Литмир - Электронная Библиотека
Содержание  
A
A

     Есть люди, в которых концентрируется эпоха, которые выражают духовную сущность и судьбу целого поколения. Человек этот был живым воплощением «еврейскости» - всего, что есть в ней вечного, но еще более - того преходящего, что было связано с трагической историей польского галута. Первое и резкое впечатление изнеможения: жизнь в нем еле теплилась. Таким он был от рождения, и на школьной скамье, и в 40 лет. Не было в его жизни ни сильной страсти, ни любви. Он ни к кому надолго не привязывался, очень быстро уставал, как от людей, так и от вещей, - и эта вялость и болезненность и какая-то общая усталость были в нем не просто личным свойством, а какой-то специфической чертой расы - знаком усталой еврейской крови. Внук раввинов и схоластов, уставший еще до рождения, он носил в себе всю утонченность, всю извращенность и безнадежность ста поколений еврейских начетчиков. Ничего он не сделал в своей жизни - ни доброго, ни злого, ни хорошего, ни плохого. Я даже не знаю, был ли он умен. Не было человека непрактичнее его, и каждый уличный мальчишка мог поднять его на смех, когда он плелся по улице, полуслепой и сутулый, рано поседевший, смешно переставляя ноги, узкогрудый, с бескровным лицом.

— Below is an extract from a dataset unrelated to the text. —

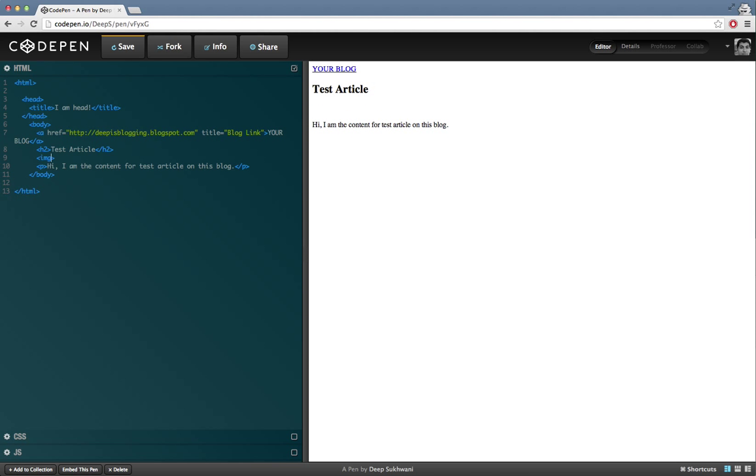This tag also goes in the body section, and one different thing to notice about the image tag is that it does not have a closing tag. Image does not need a closing tag.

     Наше знакомство началось в школьные годы, когда он раз пришел ко мне - по-соседски - и предложил: «Я слышал, что вы шахматист - сыграем». Нам было обоим тогда по 17 лет. В шахматы он играл мастерски, много сильнее меня. Но чтобы стать действительным мастером, не хватило ни интереса, ни способности сконцентрироваться: он просто не был в состоянии сделать нужное для этого усилие. Раз начатое знакомство продолжалось всю жизнь: в Польше, Франции и Палестине. Розенблюм не удостоился стать поэтом - вернее, и тут не хватило ему воли. Стихи, которые он писал на идиш, были сильнее, чем девяносто процентов того, что печаталось в то время. Я помню поэму «Местечко», которая поразила меня глубокой лиричностью и образностью и не надуманной, а естественной силой выражения, но эта поэма никогда не появилась в печати, и он не любил, когда ему напоминали о его стихах. Зарабатывав он как учитель. Необыкновенный чтец, человек, органически связанный с традиционным еврейским бытом, - он как бы стоял на пороге, провожая минувшую эпоху, и не мог расстаться с ней. Дважды он имел эту возможность: годы прожил в Париже, где кончил Сорбонну (французский и английский языки были его специальностью) , и в конце концов все же вернулся в Польшу, то есть в еврейское польское гетто. Всю жизнь мечтал о Палестине, и в 1936 году был в ней, но, когда прошли первые шесть месяцев, его потянуло обратно, в привычную атмосферу еврейского изгнания, в еврейскую Лодзь или Пинск. Это была его настоящая родина, и таков же был его «сионизм» - весь из воспоминаний и настроений, далекий от всего резкого и грубого.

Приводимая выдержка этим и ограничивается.